Film Review - "Diva"

A case of style over substance? Perhaps. But more likely, it's a case of style is substance, for it's impossible to separate the two in "Diva," the delirious, highly enjoyable thriller, which represents Jean-Jacques Beineix's impressive directorial debut. This 1981 work is credited with the renaissance of foreign language films—particularly French--in the early 1980s. But "Diva" holds up extremely well, and remains impressive viewing a generation later, as was evident in a recent run at New York's entrepreneurial Film Forum.

A combo of thriller and fairytale romance, "Diva" draws on a diversity of genres, including mystery and film noir, with Beinex's cool approach recalling the early French New Wave, in style, subject matter-—and love of pure cinema. Beineix had spent years working as assistant director before he made "Diva," and it shows. In crafting an arty genre film, he has also made it his own, adding elements of fantasy, romance, and even a touch of existentialism.

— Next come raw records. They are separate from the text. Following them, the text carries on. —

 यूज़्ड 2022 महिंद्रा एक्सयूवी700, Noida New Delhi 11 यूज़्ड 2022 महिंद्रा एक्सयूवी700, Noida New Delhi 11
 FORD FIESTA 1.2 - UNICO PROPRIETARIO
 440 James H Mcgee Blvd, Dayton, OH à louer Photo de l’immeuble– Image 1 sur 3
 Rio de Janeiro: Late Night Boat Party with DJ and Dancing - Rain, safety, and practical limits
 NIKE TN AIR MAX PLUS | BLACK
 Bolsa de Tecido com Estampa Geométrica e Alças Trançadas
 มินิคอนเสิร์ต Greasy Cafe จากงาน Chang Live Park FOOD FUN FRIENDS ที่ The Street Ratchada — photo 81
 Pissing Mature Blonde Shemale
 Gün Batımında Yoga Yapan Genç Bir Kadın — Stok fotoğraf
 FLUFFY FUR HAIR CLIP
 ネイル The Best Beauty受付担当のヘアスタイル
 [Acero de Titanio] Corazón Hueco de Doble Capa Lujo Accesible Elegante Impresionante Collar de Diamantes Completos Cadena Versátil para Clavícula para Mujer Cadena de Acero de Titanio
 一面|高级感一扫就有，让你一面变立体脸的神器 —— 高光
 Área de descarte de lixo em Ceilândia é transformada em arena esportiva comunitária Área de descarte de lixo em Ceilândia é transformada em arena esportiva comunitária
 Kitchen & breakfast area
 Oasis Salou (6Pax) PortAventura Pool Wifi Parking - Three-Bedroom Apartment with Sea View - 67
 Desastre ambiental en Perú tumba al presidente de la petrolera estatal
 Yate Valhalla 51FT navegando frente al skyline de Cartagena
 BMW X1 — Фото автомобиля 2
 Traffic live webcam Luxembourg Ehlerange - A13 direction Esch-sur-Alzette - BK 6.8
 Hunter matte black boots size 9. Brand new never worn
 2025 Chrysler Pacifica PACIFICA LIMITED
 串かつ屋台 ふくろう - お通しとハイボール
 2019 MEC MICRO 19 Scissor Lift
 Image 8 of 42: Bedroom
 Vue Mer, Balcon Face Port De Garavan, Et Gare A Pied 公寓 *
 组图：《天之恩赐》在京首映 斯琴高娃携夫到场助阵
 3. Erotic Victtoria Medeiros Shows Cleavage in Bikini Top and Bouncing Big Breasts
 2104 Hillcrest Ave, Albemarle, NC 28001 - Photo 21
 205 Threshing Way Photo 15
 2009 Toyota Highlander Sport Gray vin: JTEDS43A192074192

Frederic Andrei plays Jules (a tribute to Truffaut's "Jules et Jim"?), a young moped courier who is smitten by an Afro American opera star, Cynthia Hawkins (Wilhelmenia Wiggins Fernandez). Since Cynthia has always refused to record her voice, Jules makes a high quality bootleg of the diva's performance for his personal enjoyment, only to be chased by copyright pirates who want to release the recording for profit.

When the tape is mistaken with another tape that's accidentally dropped into his carrying bag, it implicates a high official in a drug and prostitution ring. Pursued by copyright pirates and corrupt police, Jules turns to his mysterious new friends Alba (Thuy An Luu) and Gorodish (Richard Bohringer) for help; Gorodish is described at one point as "going through his cool period."

The mix-up and incrimination of the police force in racketeering and murder set the plot in motion. However, entertaining as it is, the plot is secondary to the charming if unlikely central couple and the film's contagious style. Though based on the mystery novel by Delacorta, at the time, some critics held that the casual, offhand plot was a parody of the Watergate Scandal, as well as Hollywood blockbusters such as The French Connection."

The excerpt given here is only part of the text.